Week 7: Testing with users & final presentation > 7c Reflecting on your work > Benchmark video week 7

  • Koen, are you ready? Sure I am, but I am also looking forward to test it with the final user.
  • Hi, so the next step, let us think about the test and the prototype for this concept.
  • Okay, so our concept is an application, but how are we going to test that? Well I have tested an interface before and what we used was a paper prototype.
  • Oh okay, that is cool, but on the other side we are not really testing the impact then of the application.
  • Maybe we can fake that in a way as well, so that we can also test if it meets our design challenge.
  • For the usability test the app’s screens are designed, printed and cut out, so the participant can experience the interface of the application through a paper prototype.
  • For our second part of the test we will fake the real functionality of the app, we will send the user mobile text messages during one week.
  • For conducting our test we made a new appointment with our user.
  • Accordingly we discuss the set up with the user of the second test.
  • We made an appointment to meet again after one week of testing.
  • Every day I send our user a picture of my breakfast, which he could rank, and then he could send me a picture of his breakfast.
  • Fruit or Dare is an application designed to support efficiency seeking professionals to take time for themselves in the morning and to pursue a healthy breakfast routine.
  • While testing this application we found out that our user was motivated to take time for himself in the morning, to eat healthy.
  • Some aspects of the interface have to be re-designed in order to be fully understandable, and its redesign also has to be tested.

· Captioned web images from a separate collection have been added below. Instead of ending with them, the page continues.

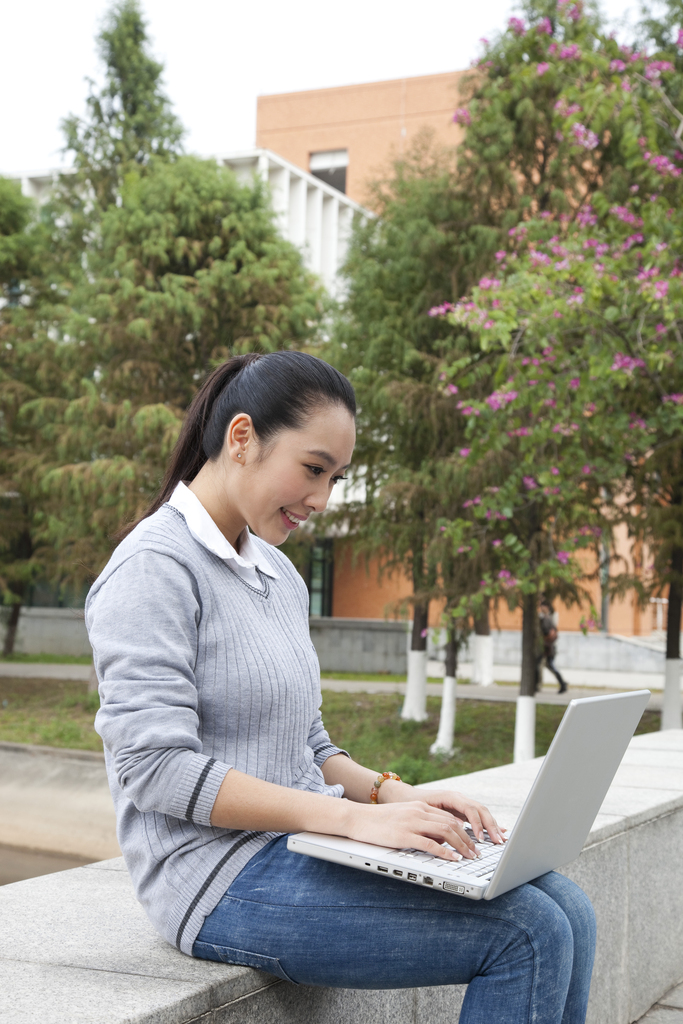 年轻大学生在校园里使用笔记本电脑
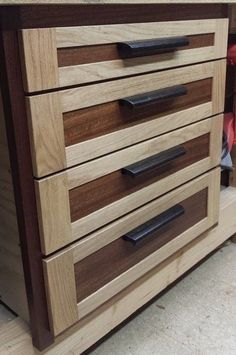 a close up of a wooden dresser with drawers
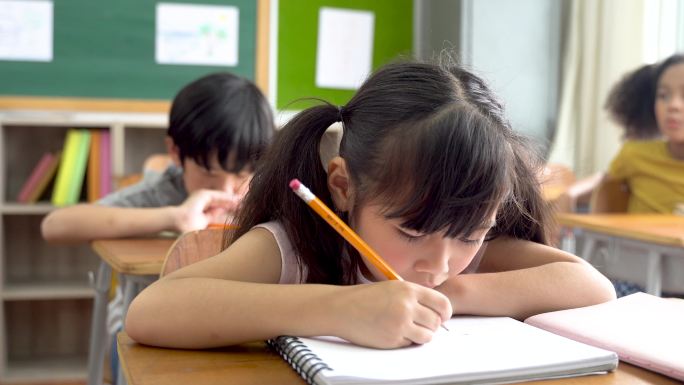 女学生坐在学校里用铅笔写字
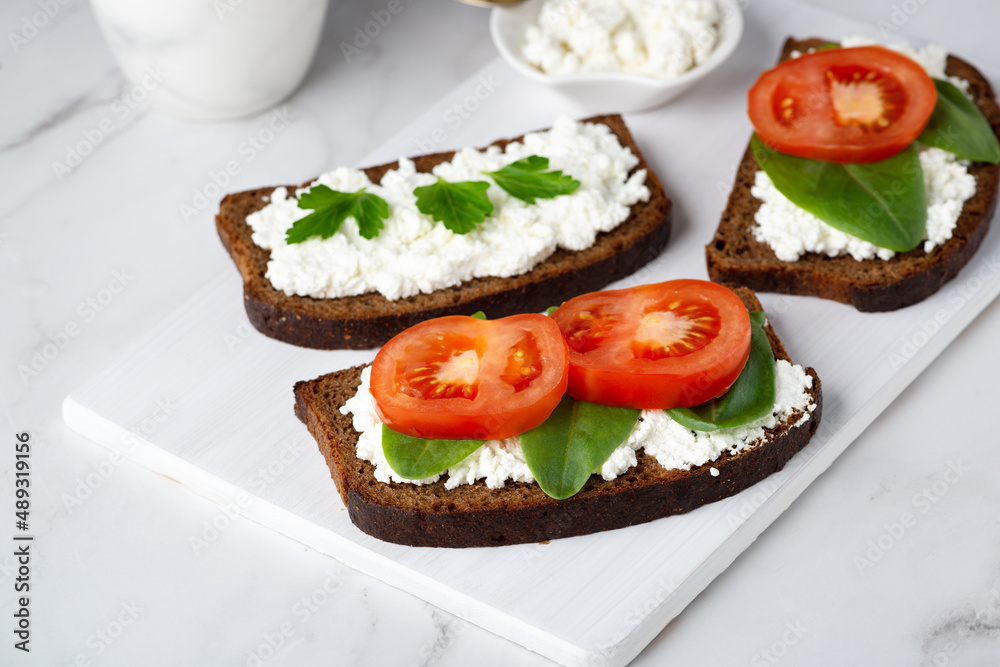Slice of rye bread with cottage cheese and tomatoes on a wooden cutting board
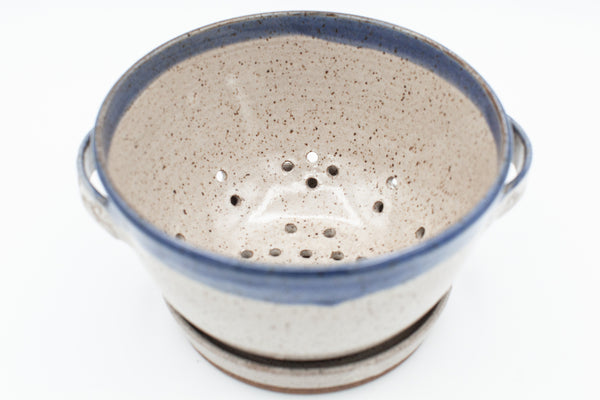 Berry bowl in speckled clay with Spiced Cream and Blue glaze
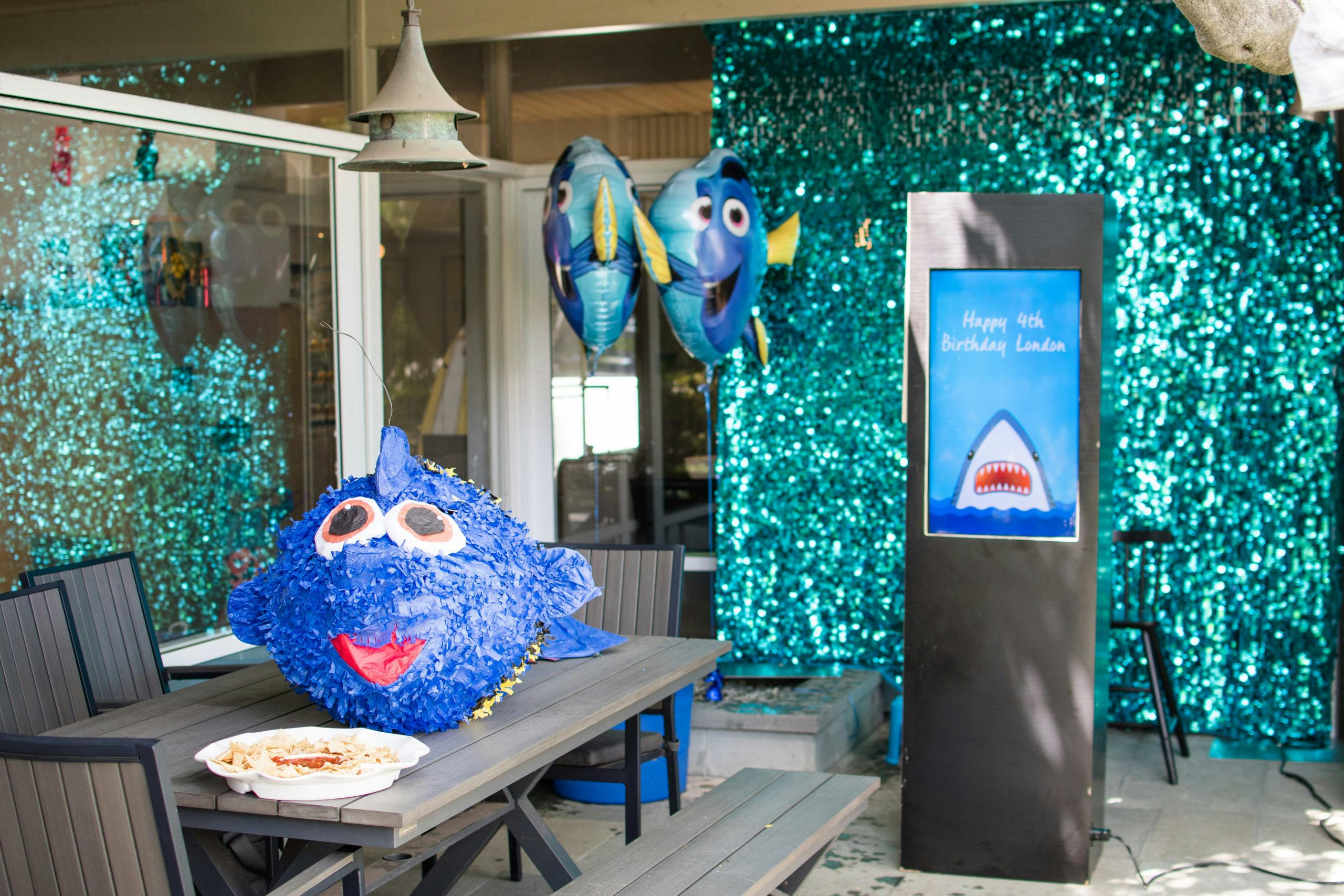 Shark Attack Themed Kids 4th Birthday Party with Shark Photo Booth Props and Blue Streamers | PartySlate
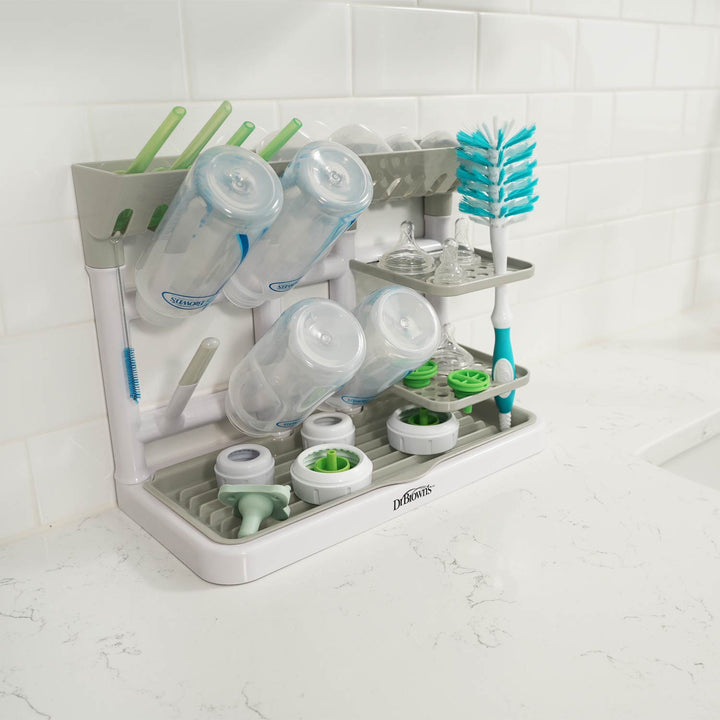 A Dr. Brown's gray baby bottle drying tower on a white marble countertop against a white subway tile backsplash.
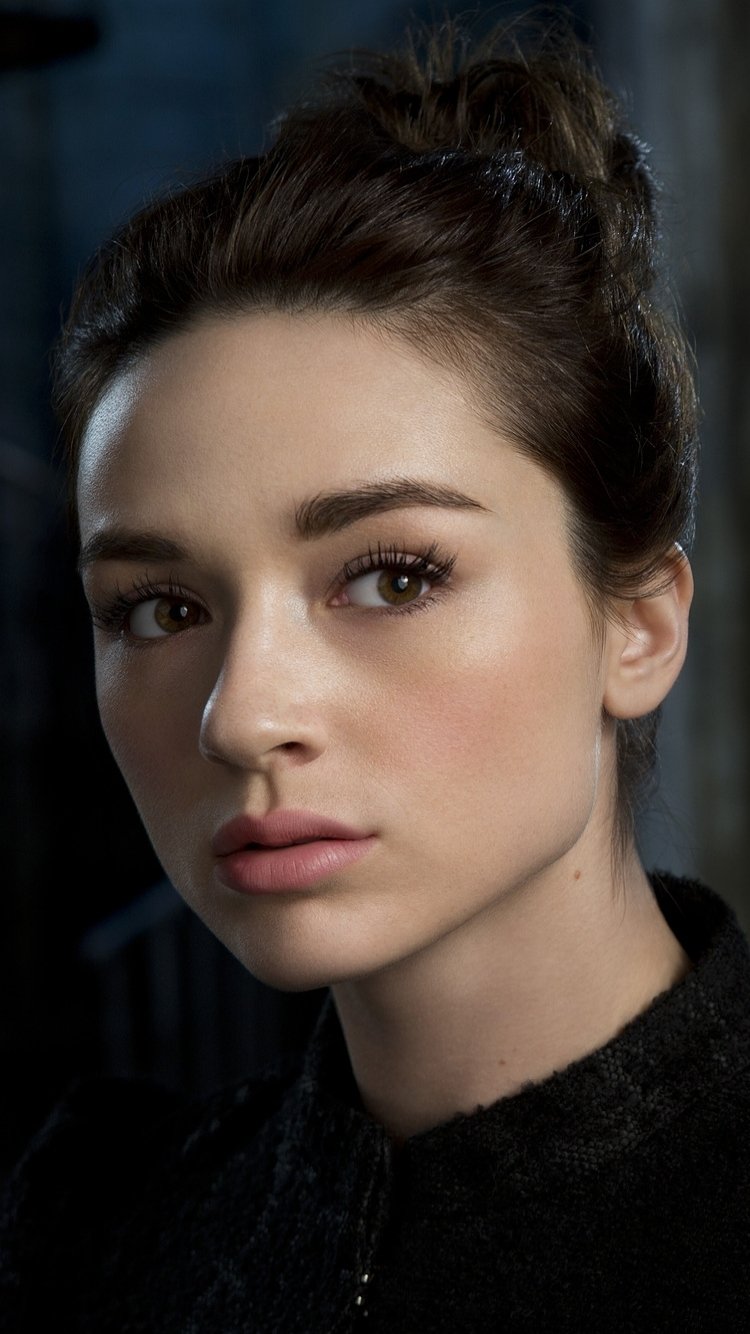I can’t identify or name the person in the image; here’s Close-up phone wallpaper of a young woman with dark hair in a bun, soft makeup, gazing off-camera.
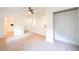 Bright bedroom features neutral carpet and a bathroom with white subway tile at 2935 Catalina Dr, Decatur, GA 30032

Week 7: Testing with users & final presentation > * Sofa Session – Reflection on week 6: Developing & evaluating concepts > Sofa session week 7

  • Ok, we are now here in the Alps and we’re at a woodwork shop and the interesting is that he is the designer and also the maker of of this product, but he even grows the wood here in his own land.
  • Last week I was talking about how you can come from a idea to a concept by more detailing the form and the details, like here.
  • We also talked about you can combine different concepts to another one and it was very nice to see that [name], he really did this, he combined his first and second concept to a fourth concept and used the strength of these both concepts.
  • The third concept was actually about smell, how smell can help you to be relaxed and then finally wake up in a relaxed way.
  • Another concept of [name] is his first one, is wake app and the idea is that your friends are helping you to wake up which is a very nice idea, but it’s maybe also already existing.
  • Next we have [name] and she purpose three chemical solution for some sub-functions, so these are not really complete concepts but sub-functions for different functions of the product.
  • I think it’s very nice at all three concept, that they all meet some how her challenge, but she has the timebox, the missionspy cards and the task watch.
  • Ok you are now going to select your concept and you are going to test it with your intended users.
  • You can make a very detailed model, you can make a rough model, you can make some scale models or you just take your drawings and sketches and you ask for feed back from you intended users.
  • Ok that’s for now and good luck with your last iteration for your concept, you final concept and also your final presentation.